Let's look at a third experiment, where the screen cover is left open and
all but four of the remaining flies escape. It turns out that those four
remaining flies who didn't bug out will allow us to still get reasonable
estimates of survival probabilities beyond 70 days. Here is the data and the
survival probabilities.
Day Prob
37 96%
40 92%
43 88%
44 84%
45 80%
47 76%
49 72%
54 68%
56 64%
58 60%
59 56%
60 52%
61 48%
62 44%
68 40%
70+ ?
71 30%
70+ ?
70+ ?
75 20%
70+ ?
70+ ?
89 10%
70+ ?
96 0%
What you do with the six escaped flies is to allocate their survival
probabilities equally among the four flies who didn't bug out. This places a
great responsibility among each of those four remaining flies since each one
is now responsible for 10% of the remaining survival probability, their
original 4% plus 6% more which represents a fourth of the 24% survival
probability that was lost with the six escaping flies.

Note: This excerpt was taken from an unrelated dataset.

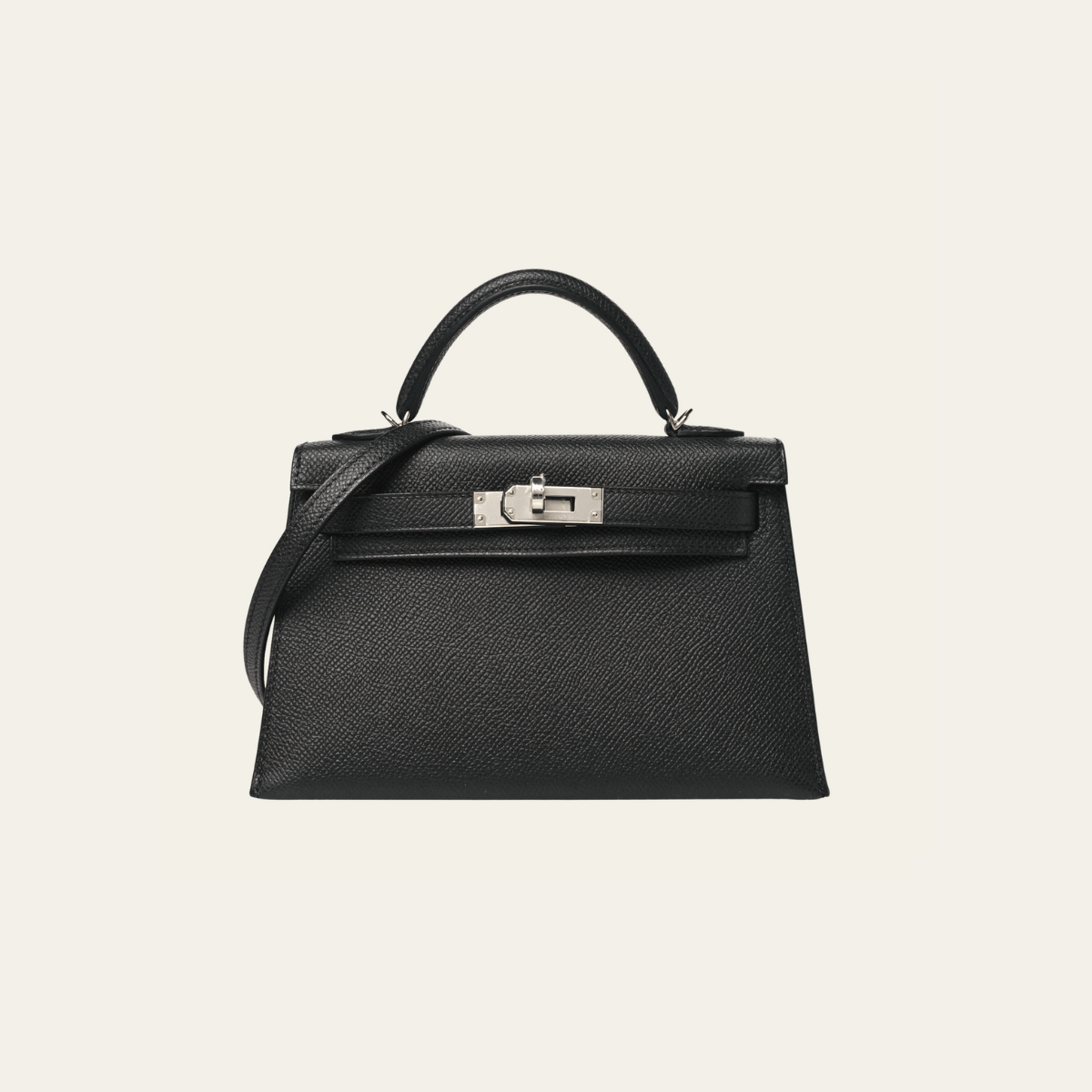 hermes backpack mini Hermès 2025 20 Mini Kelly Sellier Tote Bag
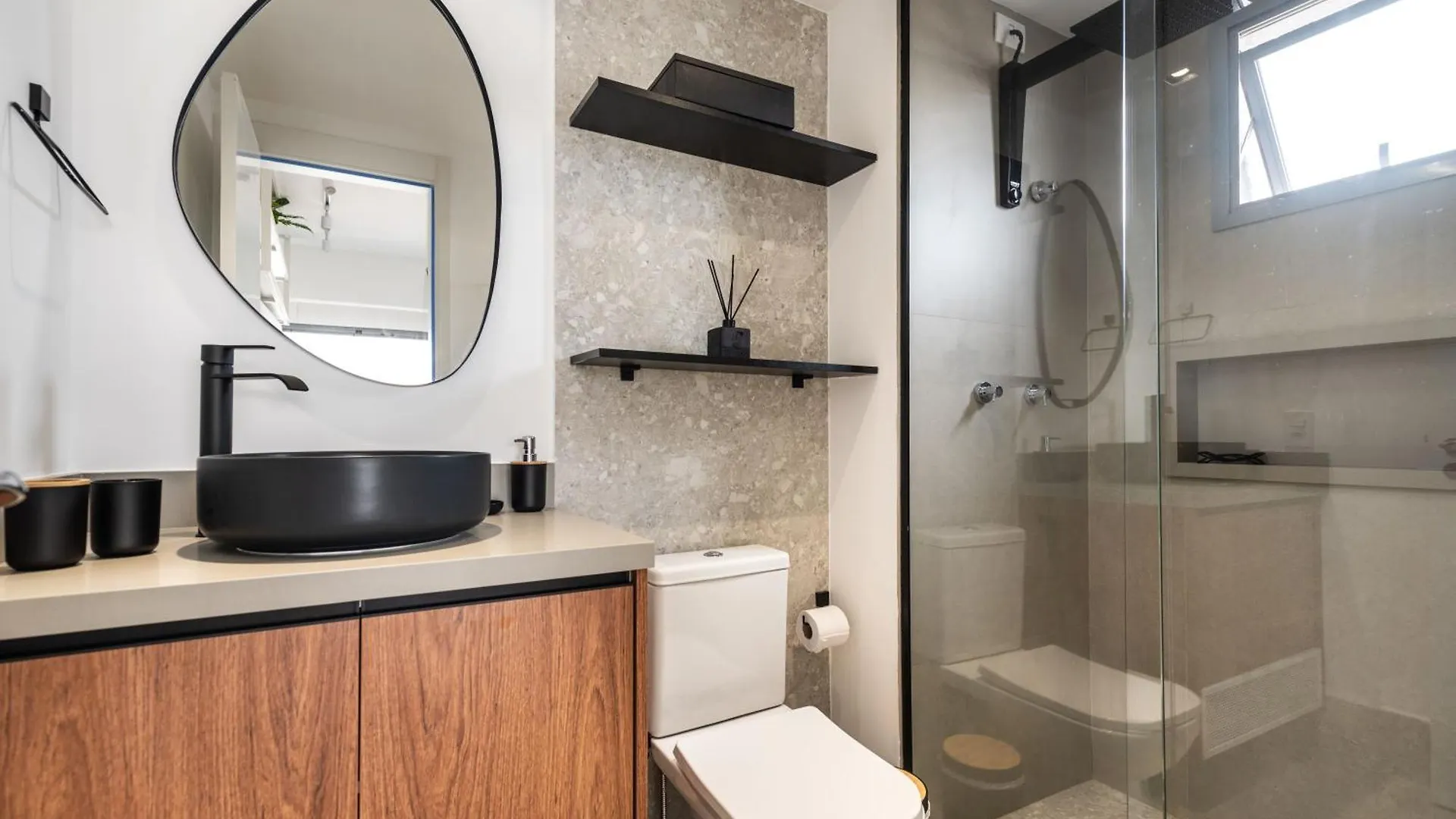 Apartment Studio Confortavel Vila Mariana Paulista Metro Sao Paulo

Another way of looking at this is that the six flies who escaped influence
the denominator of the survival probabilities up to day 70 and then totally
drop out of the calculations for any further survival probabilities. Because
the denominator has been reduced, the jumps at each remaining death are much
larger.
Here is a graph of the survival probability estimates from the third
experiment.

These survival probabilities differ only slightly from the survival probabilities in the original
experiment. This works out because the mechanism that caused us to lose
information on six of the fruit flies was independent of their ultimate
survival.
If the censoring mechanism were somehow related to survival prognosis, then
you would have the possibility of serious bias in your estimates. Suppose for
example, that only the toughest of flies (those with the most days left in
their short lives) would have been able to escape. The flies destined to die
on days 70, 71, 72, and 73, were already on their deathbeds and unable to fly
at all, much les make a difficult escape. Then these censored values
would not be randomly interspersed among the remaining survival times, but
would constitute some of the larger values. But since these larger values
would remain unobserved, you would underestimate survival probabilities
beyond the 70th day.
This is known as informative censoring, and it happens more often that you
might expect. Suppose someone drops out of a cancer mortality study because
they are abandoning the drugs being studied in favor of laetrile treatments
down in Mexico. Usually, this is a sign that the current drugs are not
working well, so a censored observation here might represent a patient with a
poorer prognosis. Excluding these patients would lead to an overestimate of
survival probabilities.
When you see a survival curve in a research paper, there are two ways to
interpret it. First, you can get an estimate of the median (or other
percentiles) by projecting horizontally until you intersect with the survival
curve and then head down to get your estimate. In the survival curve we have
just looked at, you would estimate the median survival as slightly more than
60 days.

You can also estimate probabilities for survival at any given time by
projecting up from the time and then moving to the left to estimate the
probability. In the example below, you can see that the 80 day survival
probability is a little bit less than 25%.